President Trump’s mass firings of federal workers during the government shutdown could hinder implementation of tax incentives for low-income communities. The cuts target staff of the Community Development Financial Institutions Fund, impacting programs like New Markets Tax Credits and Opportunity Zones. Without staff, investments could be delayed nationwide.

The New Markets Tax Credits and Opportunity Zones programs drive private investments into low-income areas. Republicans approved $5 billion in funding for the tax credits and reauthorized the Opportunity Zone program in Trump’s tax-cut law. Despite boasting about their success, the programs face instability due to the recent firings of staff members.

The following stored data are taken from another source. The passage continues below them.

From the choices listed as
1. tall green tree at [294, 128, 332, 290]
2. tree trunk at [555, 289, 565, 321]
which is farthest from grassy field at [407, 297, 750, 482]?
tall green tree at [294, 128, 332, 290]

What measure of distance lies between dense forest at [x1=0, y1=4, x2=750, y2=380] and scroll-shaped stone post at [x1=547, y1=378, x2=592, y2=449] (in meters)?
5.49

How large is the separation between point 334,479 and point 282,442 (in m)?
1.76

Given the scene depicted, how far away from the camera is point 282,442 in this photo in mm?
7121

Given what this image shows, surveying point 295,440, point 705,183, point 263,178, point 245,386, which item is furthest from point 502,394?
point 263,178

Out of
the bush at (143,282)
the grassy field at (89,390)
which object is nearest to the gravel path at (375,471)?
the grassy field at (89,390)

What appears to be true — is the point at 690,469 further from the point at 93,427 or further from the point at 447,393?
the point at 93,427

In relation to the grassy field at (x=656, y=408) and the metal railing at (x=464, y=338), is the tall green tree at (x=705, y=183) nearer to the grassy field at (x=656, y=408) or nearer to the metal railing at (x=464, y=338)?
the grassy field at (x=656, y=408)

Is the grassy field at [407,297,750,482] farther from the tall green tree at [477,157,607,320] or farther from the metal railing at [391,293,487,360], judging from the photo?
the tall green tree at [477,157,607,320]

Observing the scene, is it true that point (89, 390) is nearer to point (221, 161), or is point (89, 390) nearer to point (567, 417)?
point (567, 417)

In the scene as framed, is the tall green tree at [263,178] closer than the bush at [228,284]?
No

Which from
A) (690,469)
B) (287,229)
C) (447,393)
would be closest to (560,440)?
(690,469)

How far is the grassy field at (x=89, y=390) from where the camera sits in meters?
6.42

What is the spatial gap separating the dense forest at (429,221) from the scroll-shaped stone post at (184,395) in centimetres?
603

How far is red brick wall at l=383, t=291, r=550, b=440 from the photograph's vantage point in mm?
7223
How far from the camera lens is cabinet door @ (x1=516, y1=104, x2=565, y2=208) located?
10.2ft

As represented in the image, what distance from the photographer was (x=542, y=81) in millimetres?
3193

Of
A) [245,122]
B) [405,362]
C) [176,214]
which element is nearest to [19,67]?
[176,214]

The firings, separate from furloughs, threaten the stability of programs aimed at boosting investment in struggling communities. Trump’s actions, seen as targeting “Democrat programs,” put pressure on Senate Democrats amid the ongoing shutdown, now tied for the second-longest in U.S. history. Lawmakers express concerns over the impact of staff cuts on job creation initiatives.

Staff from the Opportunity Zones fund help screen areas for investment, while the IRS provides subsidies for New Market Tax Credits. Without proper staffing, certifications and fund allocations could be stalled. Lawmakers and senators worry about the potential hit to job creation efforts in low-income areas. The administration’s proposed cuts follow a pattern of unilateral budgetary decisions.